Europe and the Americas

Read, Dwight ANTHRO (Read@ANTHRO.SSCNET.UCLA.EDU)
Tue, 20 Feb 1996 13:25:00 PST

Kavanagh writes:

"This is not to argue the basic point, which is not that "the" Americas
were 'ahead' of "the" Old World (too much lumping there), but that at, say
ca. 1000 AD *most* of Europe and *most* of the Americas were on the same
basic cultural level--minus a few technological materials (wheels, iron,
etc.)--local level political organization with some chiefdoms, local level
production and some long distance trade in prestige goods."

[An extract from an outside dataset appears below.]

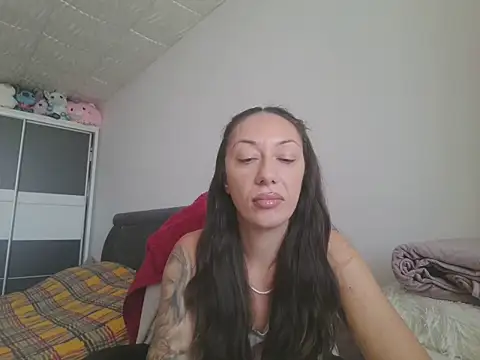 Snapshot of MeliEva chatting on October 2025 10:49:01 AM MeliEva online show from October 2025 10:49:01 AM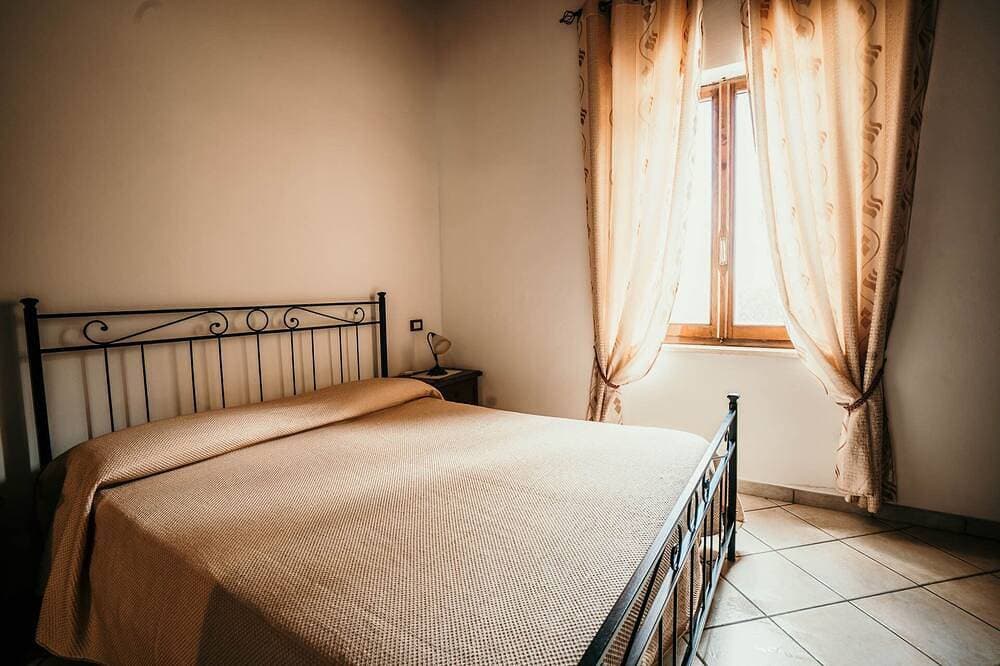 Foto 2 von 30: 6 Holiday Ribocchi: Depandance Gericht privaten eingezäunten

His comment is similar to others responding to the quotation from the Ayn
Rand webpage (I hope I have said that correctly!) and all of these comments
make, I believe, the same problematical assumption. By arguing that "new
world cultures" were at the same level as, or more advanced than, "old world
cultures" of the same time period, the assumption is being made that there IS
a scale of "advancement" along which cultures can be measured or ranked.
What constitutes this scale?

Further, suppose that it were the case that from time of entry into the
americas until 1492, all indigenous peoples were living a lifeway basically
unchanged with respect to say, resource base and general form of social
organization (e.g., all folks continued to be, say, small scale
hunting/gathering societies). Would this in any way justify the assertions
made in the quoted text from the web page? I think not, and if so the issue
is not the relative status of "new world" versus "old world" peoples, but
that a comparison is used which is fallacious in its framing--not in the
misuse, wrong use, false use, and incorrect use of factual information.